◆ Source data ◆
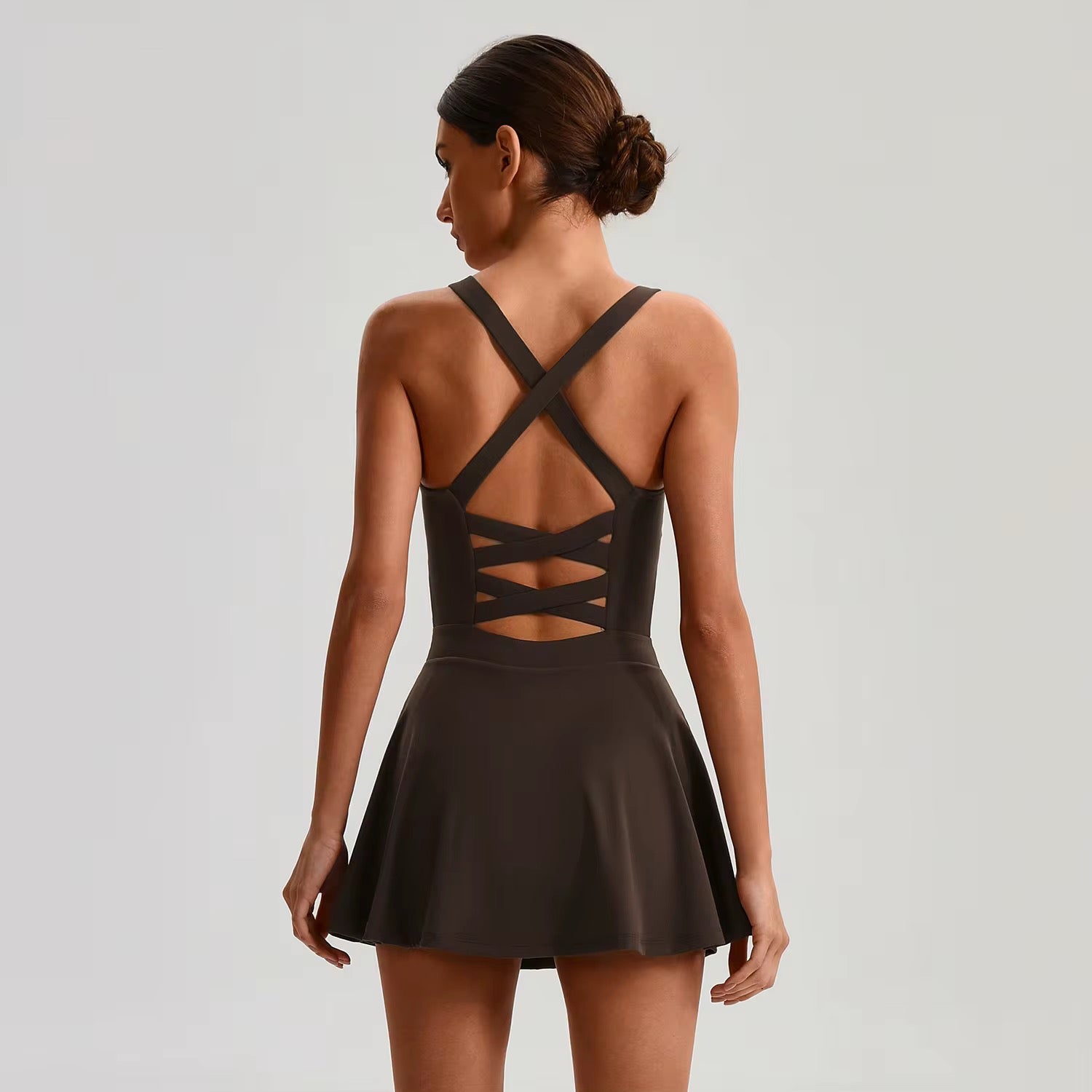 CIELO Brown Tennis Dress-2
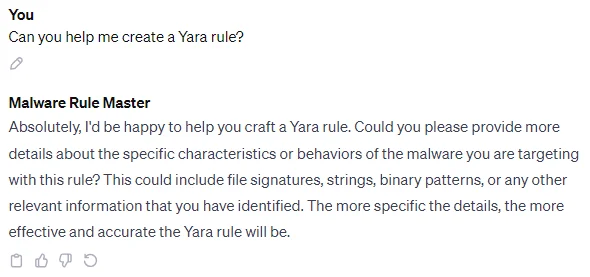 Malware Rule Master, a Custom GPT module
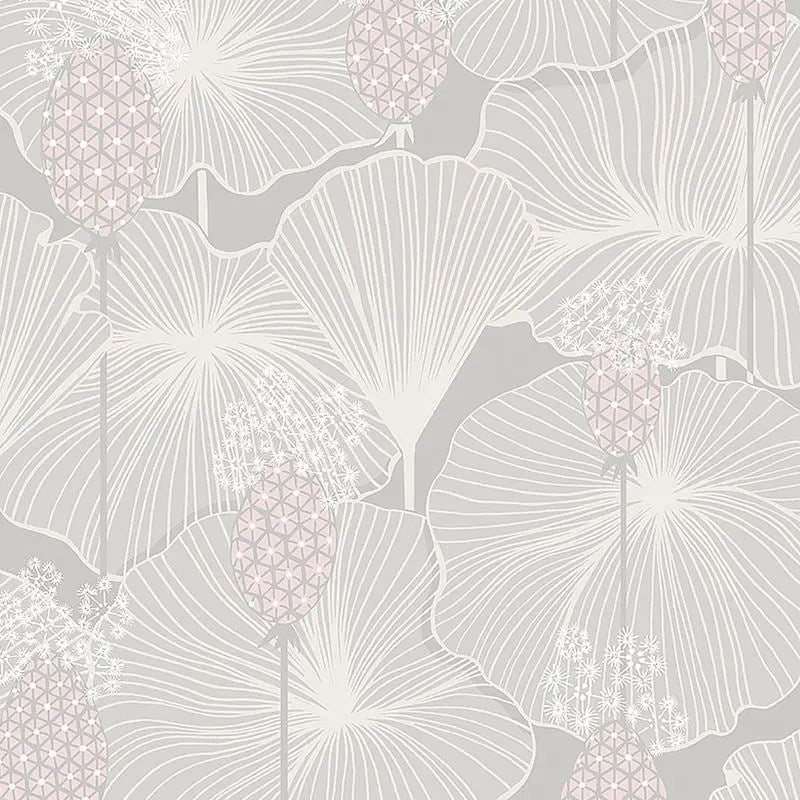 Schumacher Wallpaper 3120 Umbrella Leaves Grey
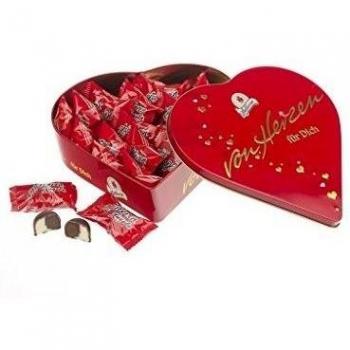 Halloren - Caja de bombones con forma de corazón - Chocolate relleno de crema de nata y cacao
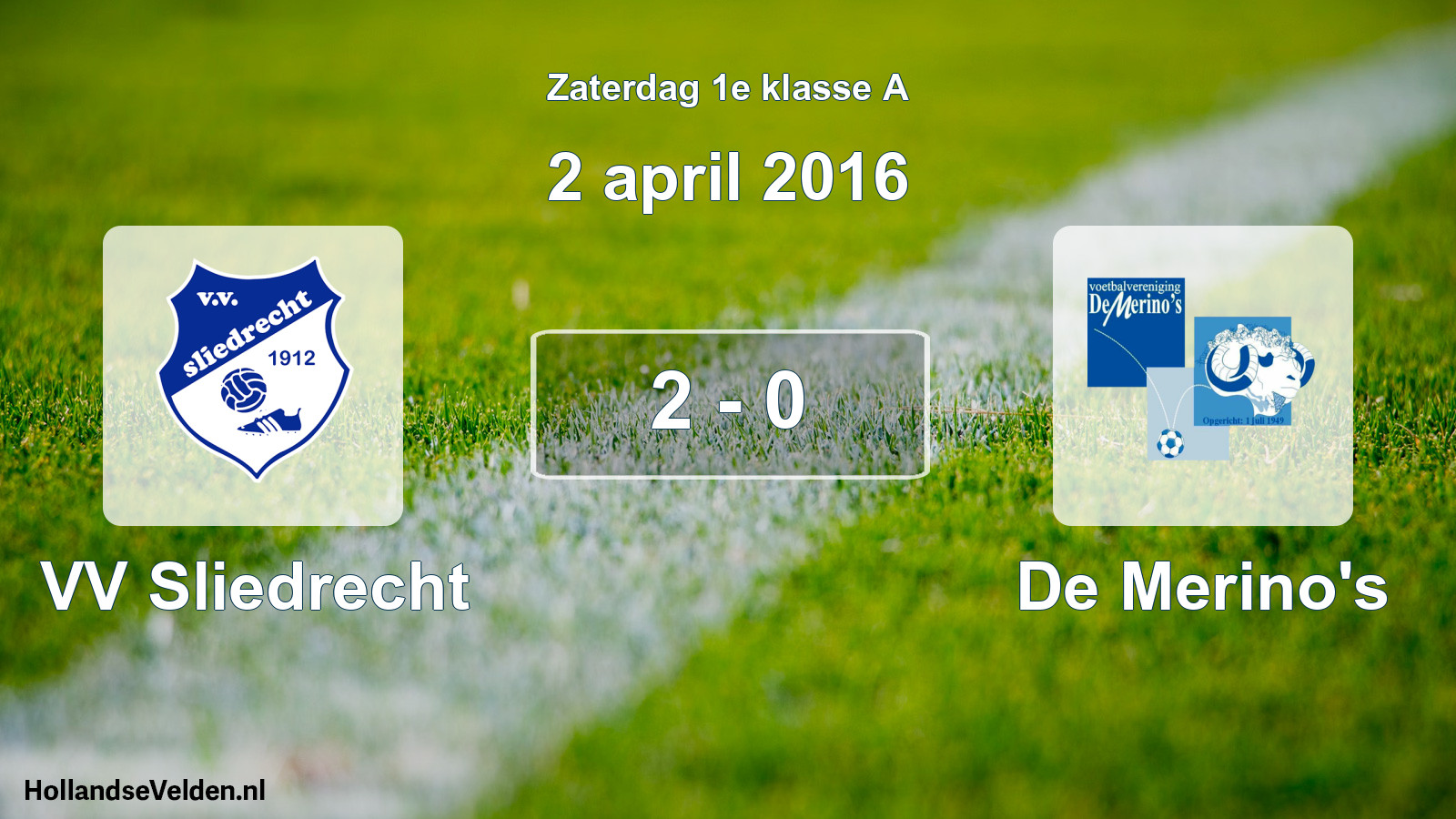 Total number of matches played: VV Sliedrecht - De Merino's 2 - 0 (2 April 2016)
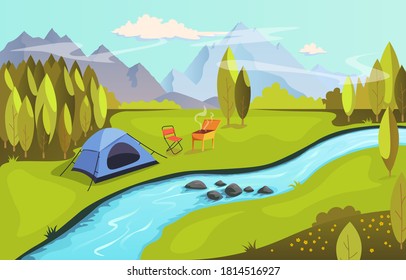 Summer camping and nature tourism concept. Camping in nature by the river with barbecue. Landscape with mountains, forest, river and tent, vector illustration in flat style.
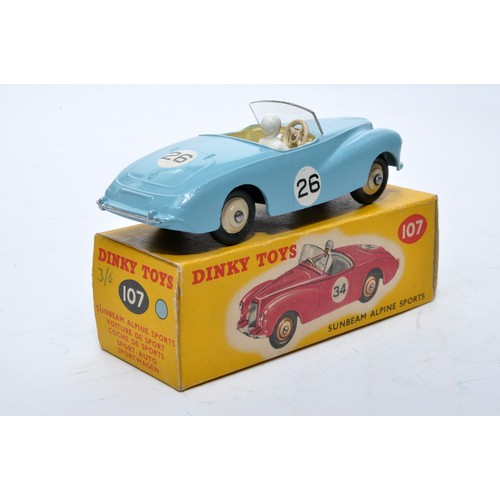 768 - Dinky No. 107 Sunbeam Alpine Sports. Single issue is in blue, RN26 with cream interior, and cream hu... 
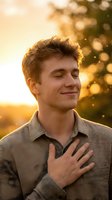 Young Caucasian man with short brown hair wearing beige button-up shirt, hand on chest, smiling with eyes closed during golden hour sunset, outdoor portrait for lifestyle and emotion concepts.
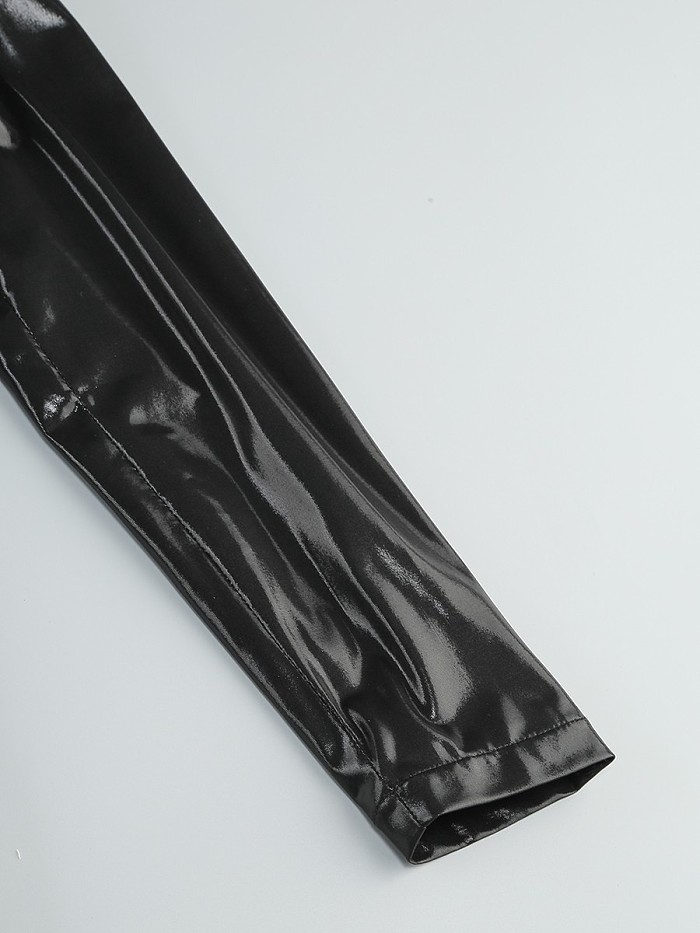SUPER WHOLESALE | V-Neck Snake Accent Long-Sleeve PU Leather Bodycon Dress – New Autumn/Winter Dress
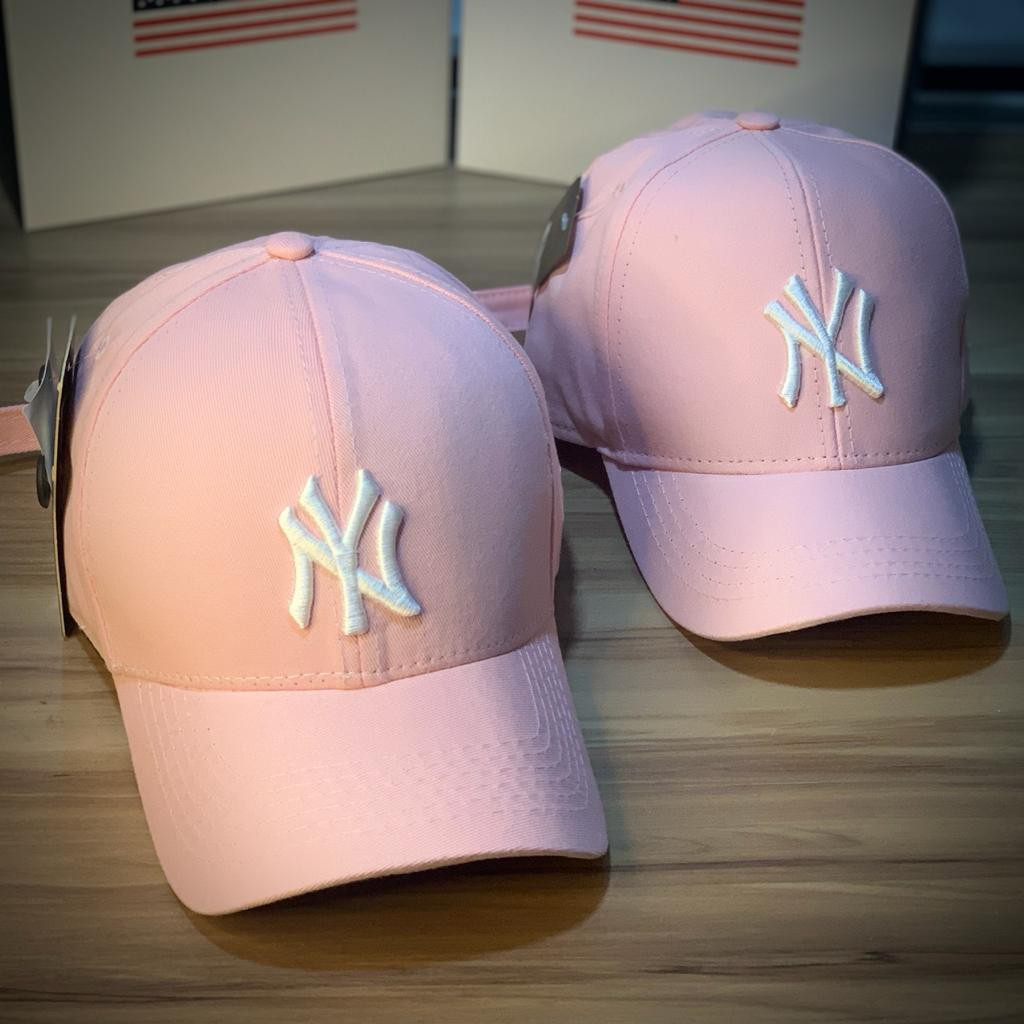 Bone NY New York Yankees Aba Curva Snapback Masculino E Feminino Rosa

◆ What you will do ◆
The expected output is the run of lines from the one containing "768 - Dinky" to the last line of the listing above, both included, word for word and free of pictures.

◆ Worked solution ◆
 768 - Dinky No. 107 Sunbeam Alpine Sports. Single issue is in blue, RN26 with cream interior, and cream hu... 
 Young Caucasian man with short brown hair wearing beige button-up shirt, hand on chest, smiling with eyes closed during golden hour sunset, outdoor portrait for lifestyle and emotion concepts.
SUPER WHOLESALE | V-Neck Snake Accent Long-Sleeve PU Leather Bodycon Dress – New Autumn/Winter Dress
 Bone NY New York Yankees Aba Curva Snapback Masculino E Feminino Rosa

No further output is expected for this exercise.